A witness on the plane who was sitting just a few rows away from the woman who was kicked off the flight told Fox 9 News his fellow traveler made many people uncomfortable when she tried to force herself on another passenger.
Dinorah Padro took video with her cell phone as airport police removed the woman during an unscheduled stop the pilots made at the Minneapolis-St. Paul International Airport.
"I can tell you that I did not feel threatened. I was concerned for them and I was concerned for the flight attendants, but I never -- I guess I never felt threatened," he recalled. "I never felt like we were in danger."
Police say 34-year-old Brandi Poulsen, of Portland, Ore., was intoxicated when she was escorted off the plan and taken to HCMC for observations. Federal prosecutors who are currently reviewing the case declined to comment on whether she will face charges, but witnesses say Poulsen couldn't keep her hands to herself in her middle seat.
"He said that she was kind of touching him inappropriately and that he asked her to stop -- and that she got mad," Padro told Fox 9 News.

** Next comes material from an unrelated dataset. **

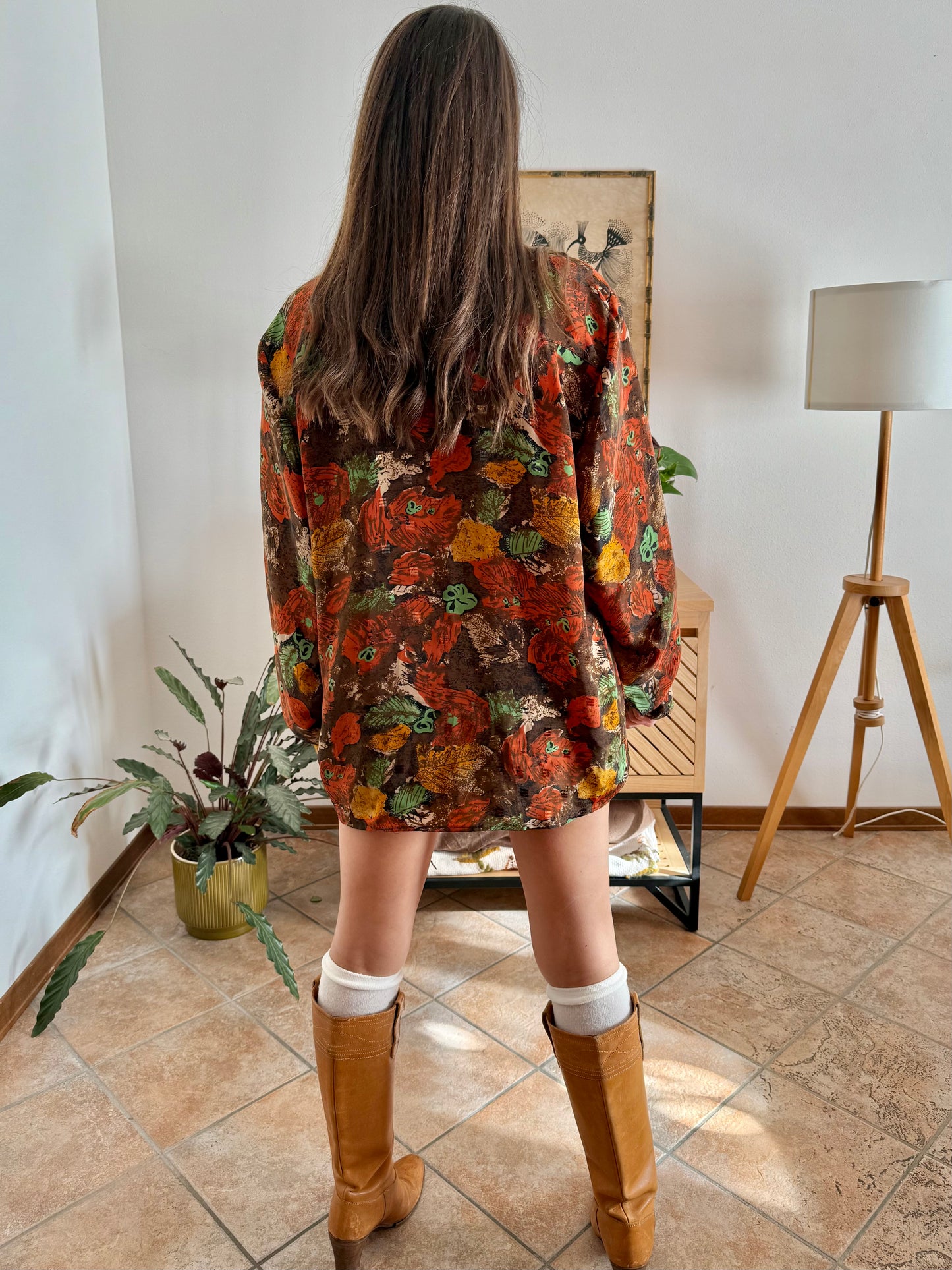 1970's vintage chocolate brown and orange abstract floral print blouse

The trouble started about an hour into the flight from Baltimore, and Padro said flight attendants did all they could to resolve the situation; however, when Poulsen continued to behave belligerently, air marshals eventually restrained her.
"Then the captain comes on the speaker letting us know that he's going to land in Minneapolis," Padro said.
Despite being diverted and delayed, passengers gave the crew a round of applause once the woman was taken off the plane.
"It was kind of amazing to have those people there to kind of help handle the situation," Padro said. "Had it been a different flight crew, I don't know that this would have been as positive of an experience as we had."
All told, the entire ordeal lasted just about 30 minutes. Even so, passengers say it felt like an eternity.
"When it's happening in the airplane and she's screaming and it's painful -- and you see that she's in pain," Padro began. "I mean, it's not like they can let her go because she's obviously out of control, but that was kind of upsetting and it felt like it was forever."
Although it remains unknown whether she will be charged, prosecutors say one of the most serious charges she may face could be interfering with a flight crew.